What Kind Of Week Has It Been? 10 May 2013

This week's news was defined by the gaffers and their subordinates. Be they defiant, waning or retiring it seems that there has been some leadership shifts and mask slips this week in UK politics.

Dan Colley is filling in for Paddy Duffy this week

Biting the postman of news

This week's news was defined by the gaffers and their subordinates. Be they defiant, waning or retiring it seems that there has been some leadership shifts and mask slips this week in UK politics.

The Queen's Speech, the British parliamentary tradition whereby the Government of the day feeds the reigning Monarch a series of words to say in a particular order to an audience of people who know the script, while wearing her very best hat, put me in mind of a very posh vaudevillian ventriloquist act. Everybody knows the dummy is inanimate, that the man with the reddest face is making the words happen, the whole experience is absorbed by trying to hear the puppeteer's voice in the things the puppet says while watching to see if his lips move, and yet it's such fun to see the enchanted piece of wood say such incongruous things. "[My Government will] ensure that this country attracts people who will contribute and deter those who will not", said the sixth generation German immigrant who has never had a job and who lives off the British exchequer with her Greek husband and children.

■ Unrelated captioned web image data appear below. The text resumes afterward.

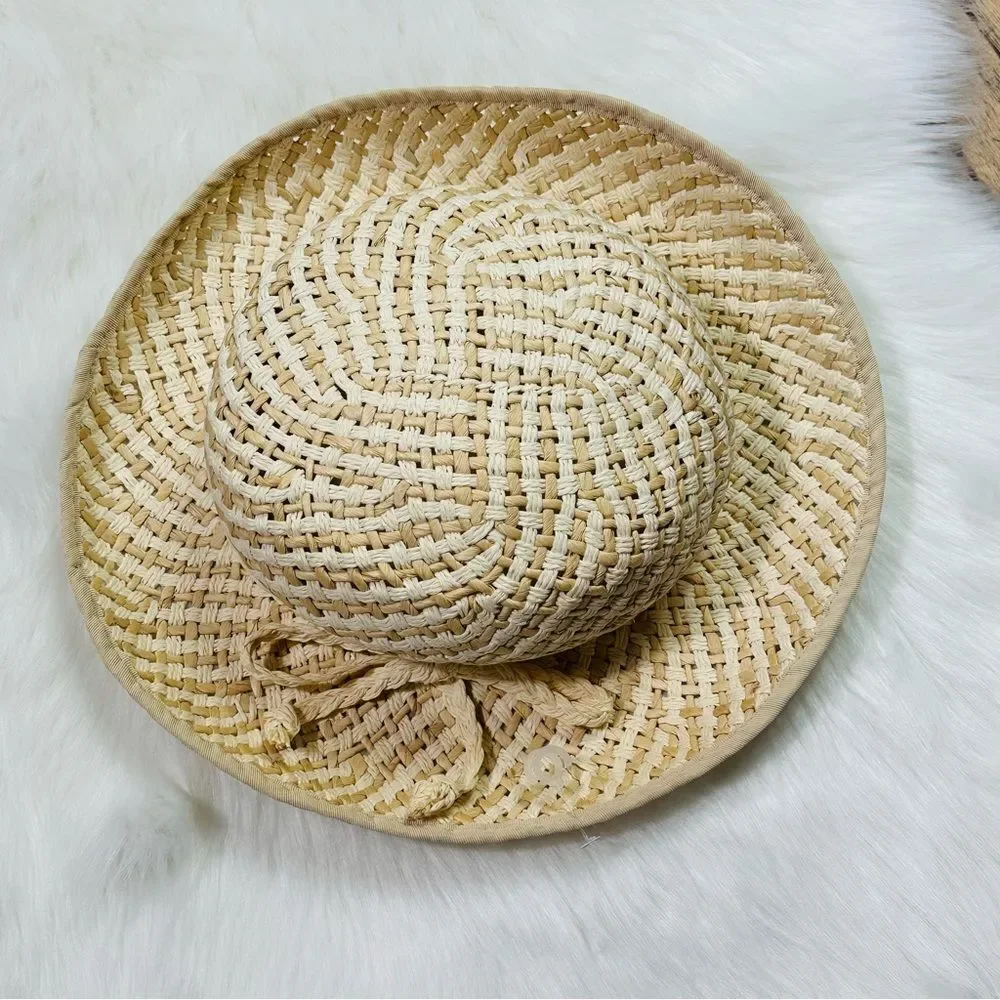 Women's SCALA COLLECTION Straw HAT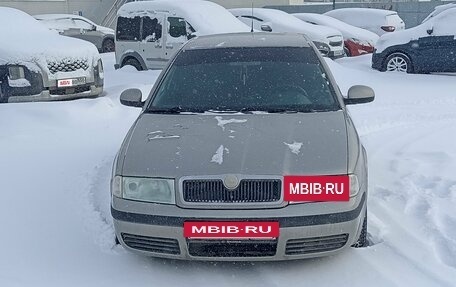 Skoda Octavia IV, 2009 год, 350 000 рублей, 2 фотография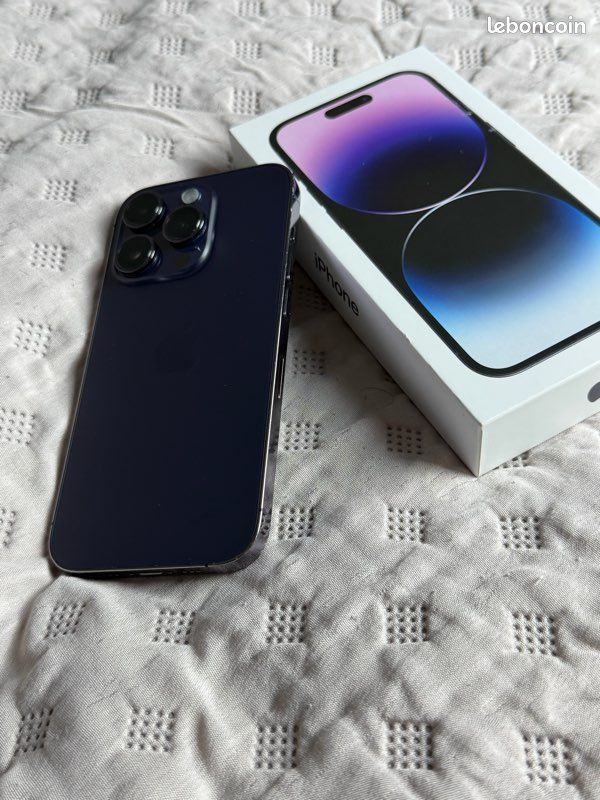 Iphone 14 pro (image 1)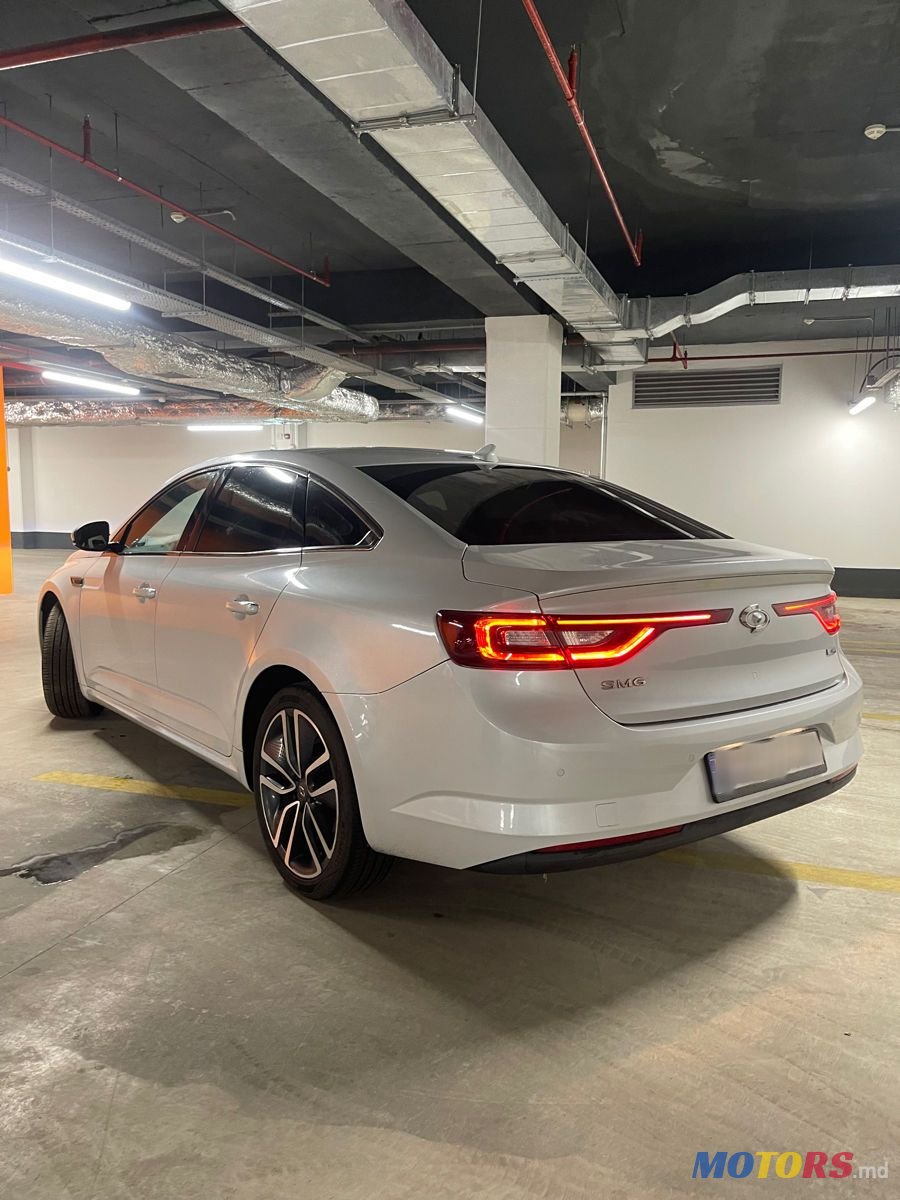 2017' Renault Talisman photo #2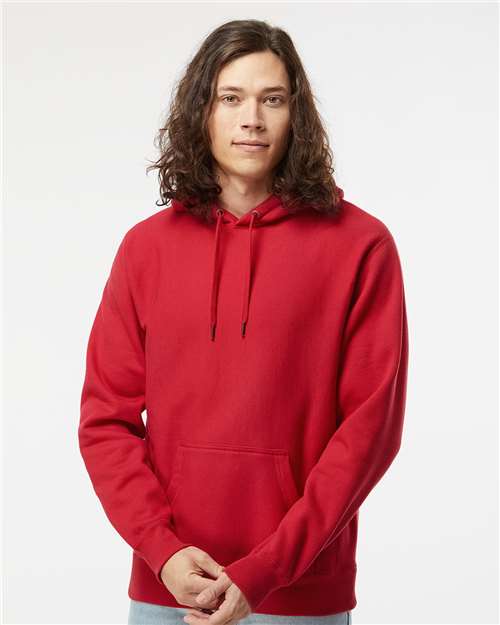 Custom Embroidered Independent Trading Co. Legend - Premium Heavyweight Cross-Grain Hooded Sweatshirt IND5000P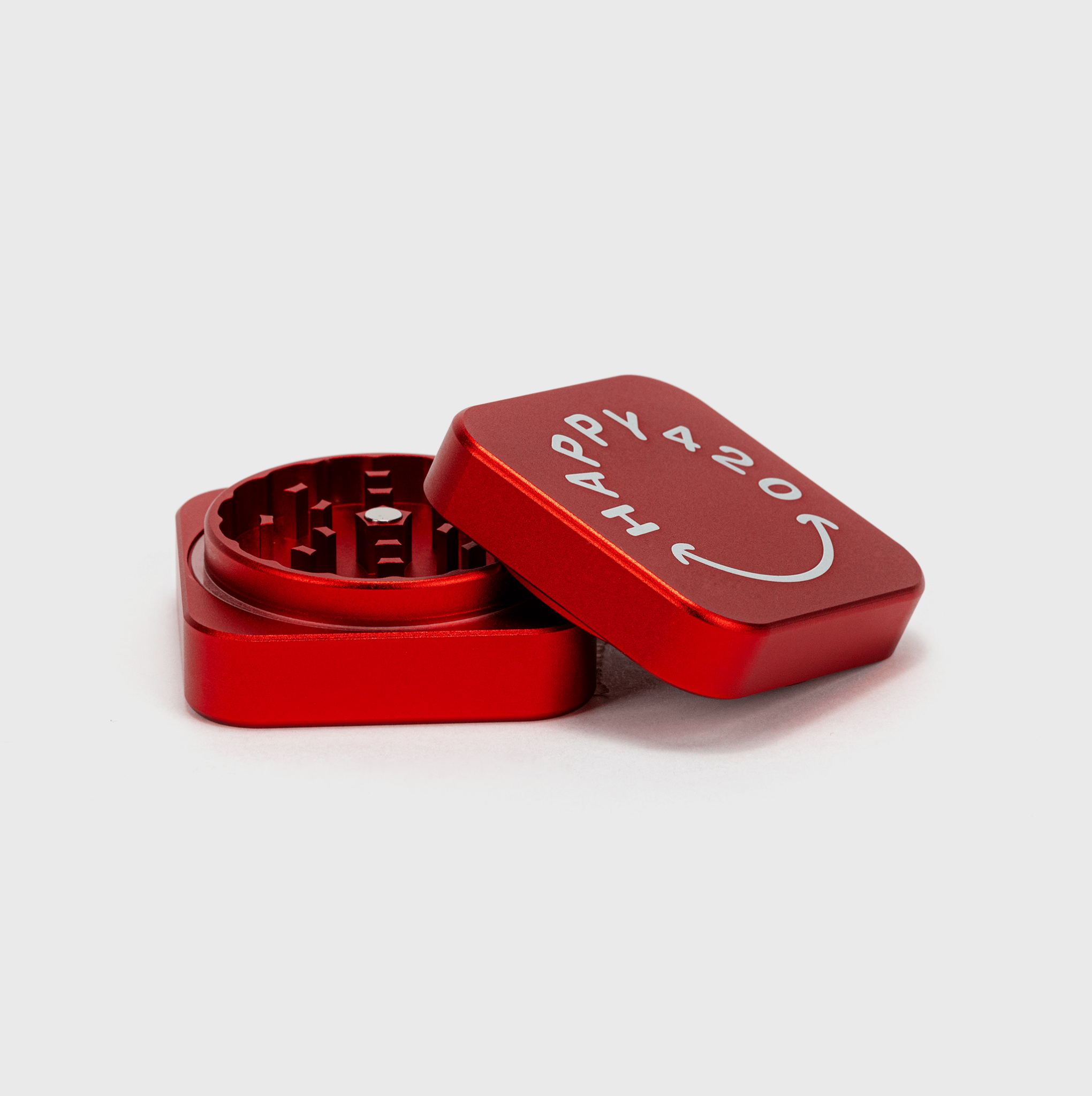 Happy420 Quattro Grinder - Happy420.de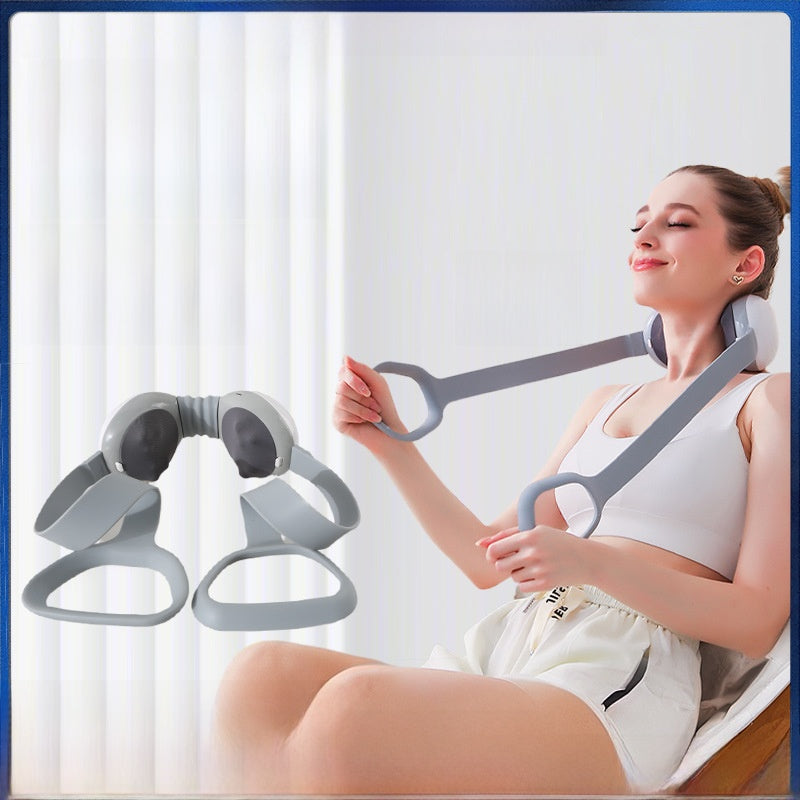 Multi-functional Cervical Massage Device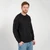 MM208 Men's Merino Wool Aran Sweater Front ShamrockGift.com
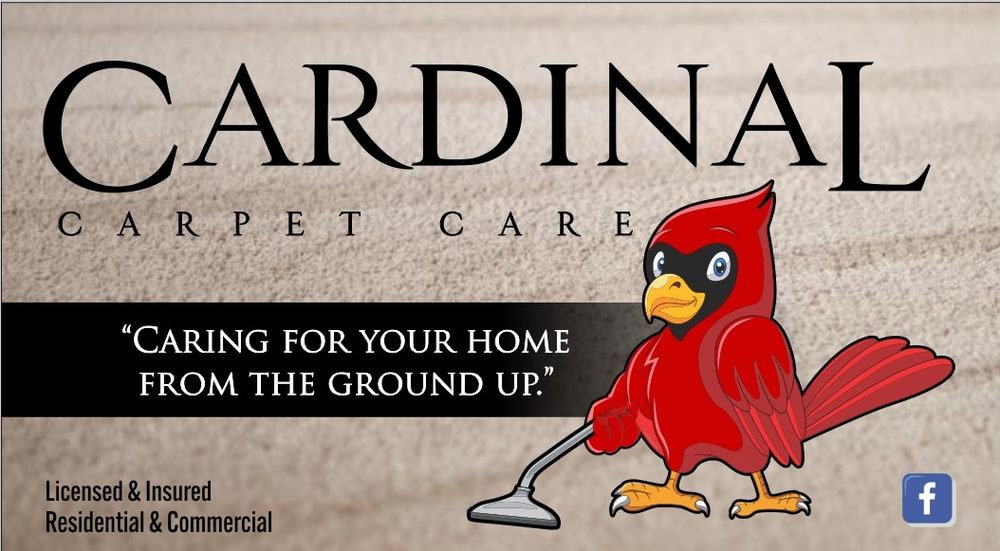 CARDINAL CARPET CARE AND DISASTER RESTORATION Updated March 2024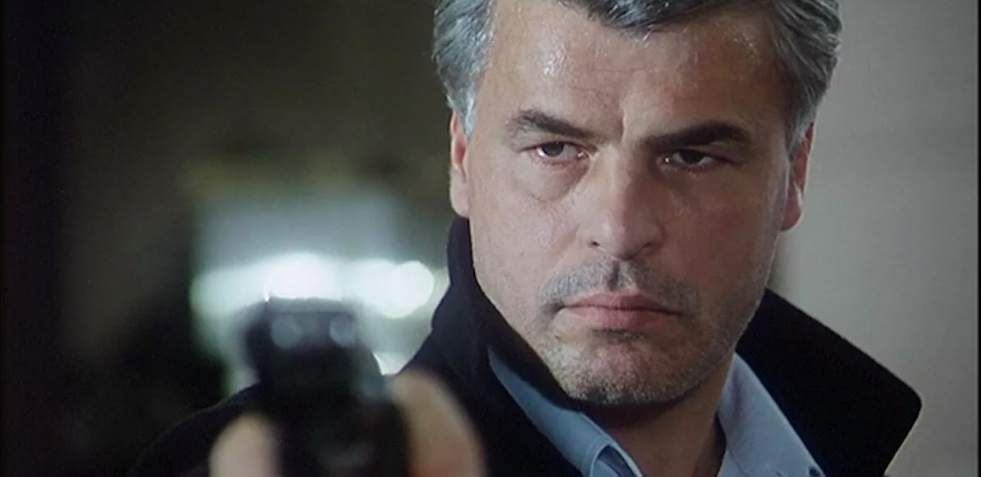 Коррадо Каттани - телесериал "Спрут" 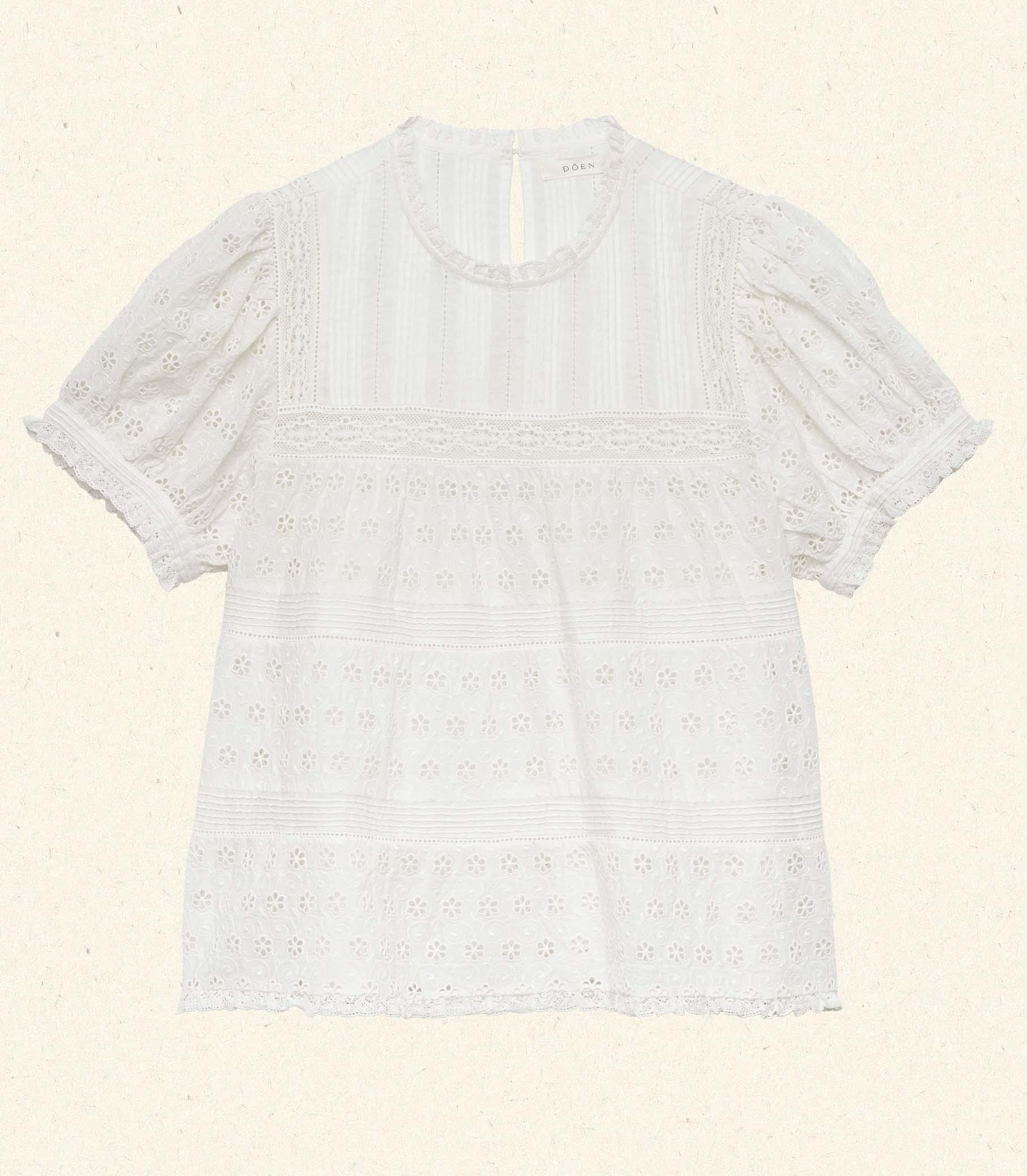 ADELINE TOP -- SALT Product Image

In announcing the legislative agenda for her new Parliament, the Queen character in this piece gave us some insight into her priorities for the coming session including "helping people to move from welfare to work" and promoting "a fairer society that rewards people who work hard" and of course enabling the state to investigate "crime in cyberspace" delivered with all of the ease and familiarity with the issues that this writer has with the legacy of Alex Ferguson.

With UKIP eating into the Tories' share of the steak and kidney pie, Nigel Farage thumping about the place drinking British litres in English versions of cafe-bars, enjoying his moment as the thinking man's Nick Griffith, while having weight added to his side of the rocking boat by Tory heavies like Nigel Lawson, Boris Johnson, Michael Portillo and zombie Thatcher, it hardly seems surprising that the agenda for the new Parliament should veer toward the right with Cameron saying he'll try harder to be harder. It's just disappointing that the Lib Dems continue to just make do with the scraps that fall from the Tories' table, with Vince Cable somehow turning his response to the anti-immigration legislation into an explanation about how immigration is a good thing.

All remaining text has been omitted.